Web page caption snippets:
--------

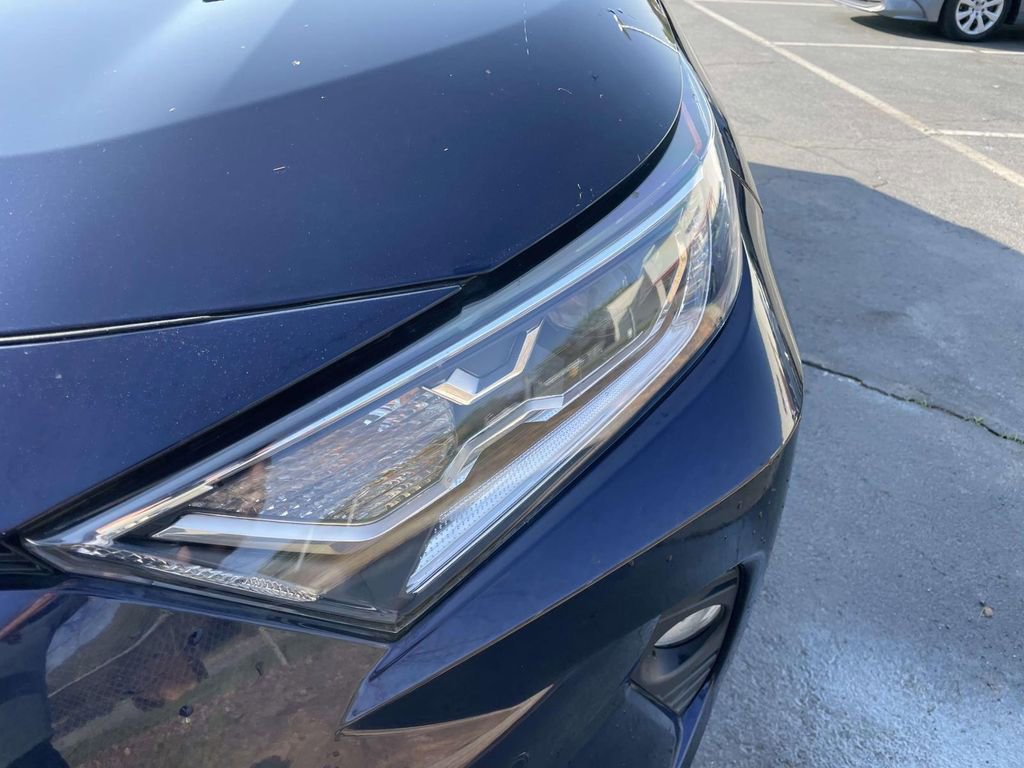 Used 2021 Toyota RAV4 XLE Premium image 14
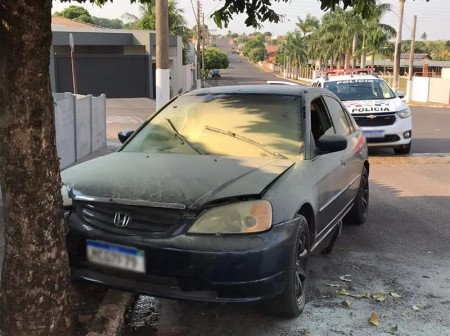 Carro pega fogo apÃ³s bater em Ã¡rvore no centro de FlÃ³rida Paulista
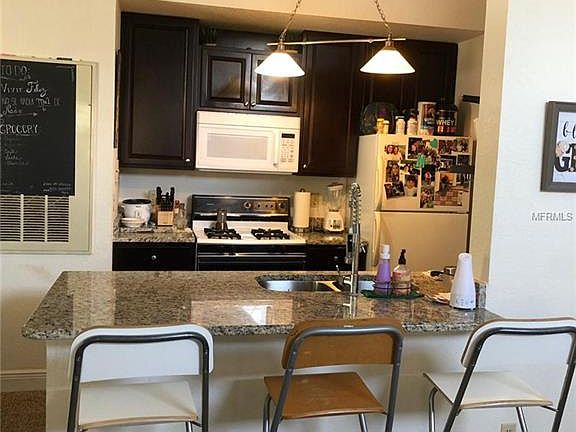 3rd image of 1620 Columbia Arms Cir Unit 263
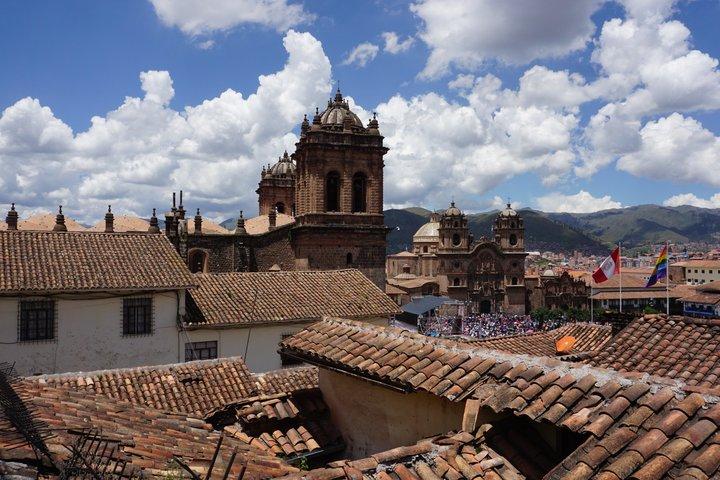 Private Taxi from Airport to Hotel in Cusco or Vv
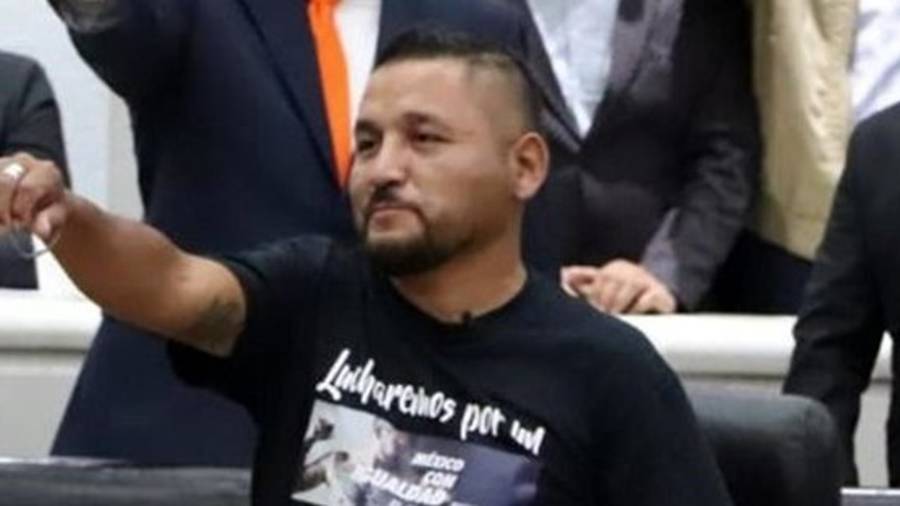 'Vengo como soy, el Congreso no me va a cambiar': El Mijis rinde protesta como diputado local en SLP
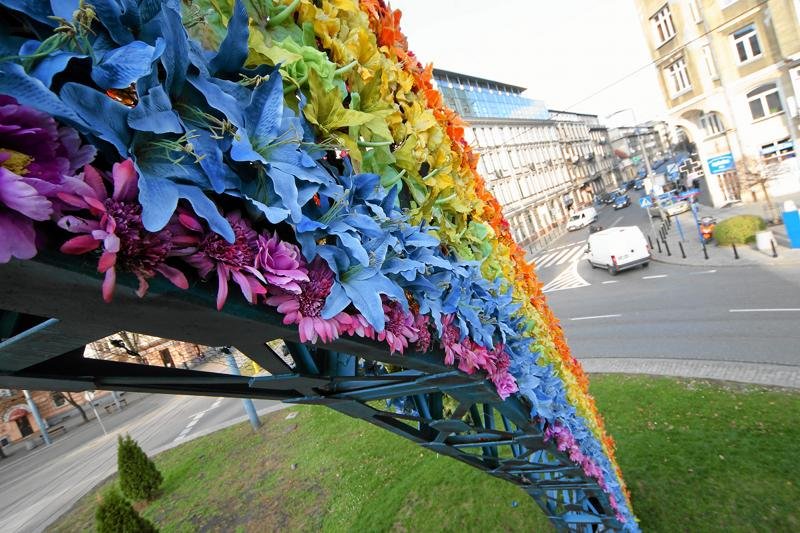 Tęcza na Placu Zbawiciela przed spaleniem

--------

# Prompt:
Give the data again exactly. Keep the images out.

# Output below:
 Used 2021 Toyota RAV4 XLE Premium image 14
 Carro pega fogo apÃ³s bater em Ã¡rvore no centro de FlÃ³rida Paulista
 3rd image of 1620 Columbia Arms Cir Unit 263
 Private Taxi from Airport to Hotel in Cusco or Vv
 'Vengo como soy, el Congreso no me va a cambiar': El Mijis rinde protesta como diputado local en SLP
 Tęcza na Placu Zbawiciela przed spaleniem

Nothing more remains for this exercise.